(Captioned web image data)
········

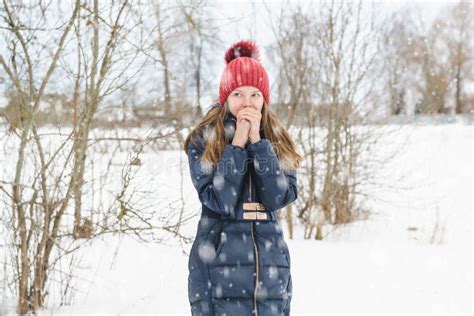 Une Jeune Fille Blonde Tient Un Collier Dans Des Ses Mains Pour Le Rendre Plus Chaud Et Sourit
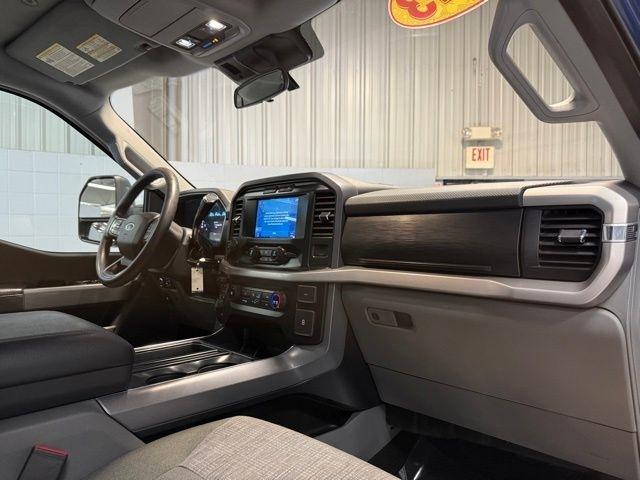 Ford F-150 XLT 4WD SuperCab 8' Box 2023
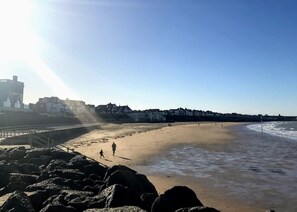 Westbrook sandy beach only 5 mins walk from the apartment. 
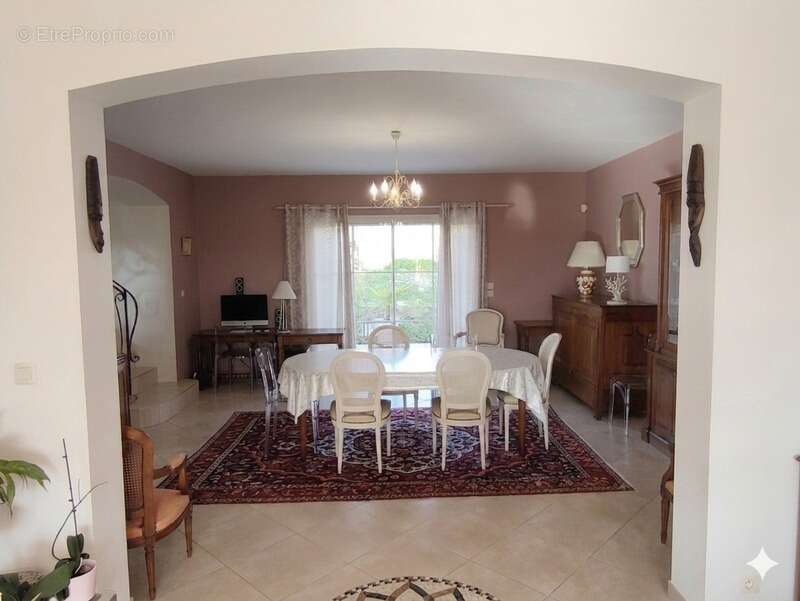 Maison à RUELLE-SUR-TOUVRE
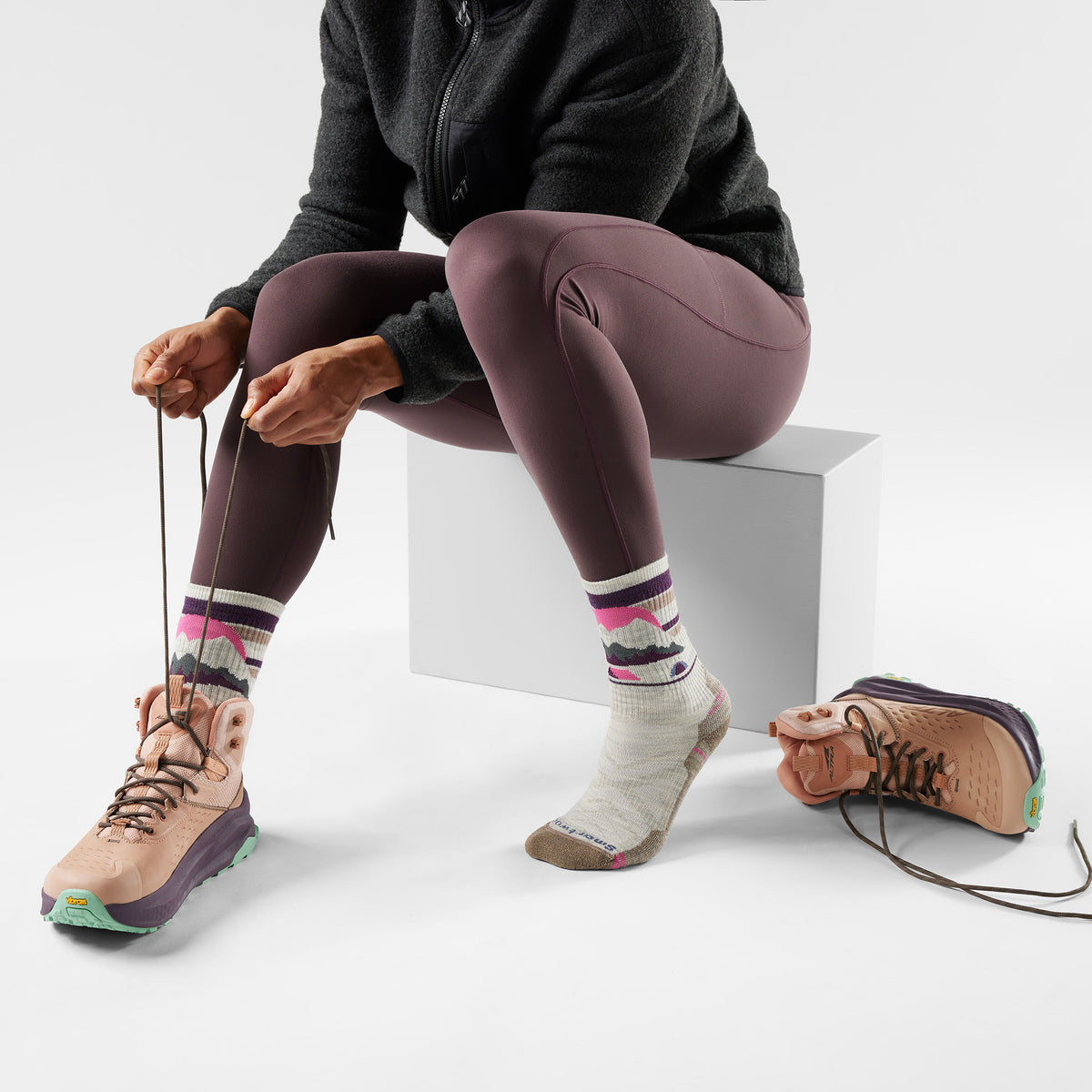 Women's Hike Mountain Moon Crew Socks Serene Blue - ver - 2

········

Excluding images, return all of the records above word for word.

— Answer to the exercise —
 Une Jeune Fille Blonde Tient Un Collier Dans Des Ses Mains Pour Le Rendre Plus Chaud Et Sourit
 Ford F-150 XLT 4WD SuperCab 8' Box 2023
 Westbrook sandy beach only 5 mins walk from the apartment. 
 Maison à RUELLE-SUR-TOUVRE
 Women's Hike Mountain Moon Crew Socks Serene Blue - ver - 2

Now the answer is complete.